The UNHCR said that as conditions worsen in Yemen, refugees are starting to use areas further to the north as a transit route.
It called on all sides in Yemen's war to protect civilians.
"UNHCR is appalled by this tragic incident, the latest in which civilians continue to disproportionately bear the brunt of conflict in Yemen," it said.
The ICRC's Eric Christopher Wyss, quoting survivors at the scene, said many people on the boat "were refugees from Somalia or Yemen, fleeing the conflict".
"It was a gruesome and heartbreaking scene.

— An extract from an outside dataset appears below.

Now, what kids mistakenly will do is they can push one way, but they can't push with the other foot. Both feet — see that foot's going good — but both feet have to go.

I saw many men, women and children either killed or horribly wounded," he said.
The IOM said it believed the boat had been headed for Sudan.

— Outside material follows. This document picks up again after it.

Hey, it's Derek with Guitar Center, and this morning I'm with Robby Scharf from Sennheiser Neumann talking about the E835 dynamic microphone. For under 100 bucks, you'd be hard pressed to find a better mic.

"We strongly condemn this attack and deplore such a tragic loss of life," the ICRC's director of operations, Dominik Stillhart, said in a statement.
"These people were themselves fleeing conflict, in search of safety and a better life. We call on the warring parties to conduct an immediate investigation into what happened."
The coast south of Hodeida has seen violent clashes over the past 24 hours, leaving 32 dead including 10 civilians, according to military and medical officials.
The fighting killed 14 rebels and eight soldiers supporting the UN-backed government of President Abedrabbo Mansour Hadi, military sources said.
That came as pro-Hadi forces sought to advance northwards from the port town of Mokha in an offensive to retake Yemen's western coast from Huthi rebel forces.
Saudi-led coalition aircraft had taken part in the assault, the same sources said.
Seven fishermen were also killed off Hodeida by gunfire from an unidentified source, while a further seven were killed in a car near Mokha, hospital workers said.
The UN's humanitarian chief Stephen O'Brien has called Yemen "the largest humanitarian crisis in the world", with two-thirds of the population in need of aid.
On Friday, a rebel missile attack killed at least 26 members of the pro-government forces in a camp east of the capital Sanaa, officials at a hospital in Marib town said.